Instructions to follow: Please reproduce all of the lines below, word for word and in full.

Data for processing:
◆ ◆ ◆ ◆ ◆ ◆ ◆

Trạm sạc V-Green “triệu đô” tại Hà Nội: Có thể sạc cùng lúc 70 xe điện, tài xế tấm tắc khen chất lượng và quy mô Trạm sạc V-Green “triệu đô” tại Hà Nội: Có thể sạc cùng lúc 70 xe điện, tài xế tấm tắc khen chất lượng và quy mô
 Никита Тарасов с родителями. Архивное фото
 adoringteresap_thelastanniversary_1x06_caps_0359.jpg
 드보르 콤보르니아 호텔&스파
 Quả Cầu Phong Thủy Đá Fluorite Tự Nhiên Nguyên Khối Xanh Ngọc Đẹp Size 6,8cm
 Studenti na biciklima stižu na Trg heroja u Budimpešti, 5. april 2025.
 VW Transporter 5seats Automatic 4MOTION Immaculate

◆ ◆ ◆ ◆ ◆ ◆ ◆

Reply:
Trạm sạc V-Green “triệu đô” tại Hà Nội: Có thể sạc cùng lúc 70 xe điện, tài xế tấm tắc khen chất lượng và quy mô Trạm sạc V-Green “triệu đô” tại Hà Nội: Có thể sạc cùng lúc 70 xe điện, tài xế tấm tắc khen chất lượng và quy mô
 Никита Тарасов с родителями. Архивное фото
 adoringteresap_thelastanniversary_1x06_caps_0359.jpg
 드보르 콤보르니아 호텔&스파
 Quả Cầu Phong Thủy Đá Fluorite Tự Nhiên Nguyên Khối Xanh Ngọc Đẹp Size 6,8cm
 Studenti na biciklima stižu na Trg heroja u Budimpešti, 5. april 2025.
 VW Transporter 5seats Automatic 4MOTION Immaculate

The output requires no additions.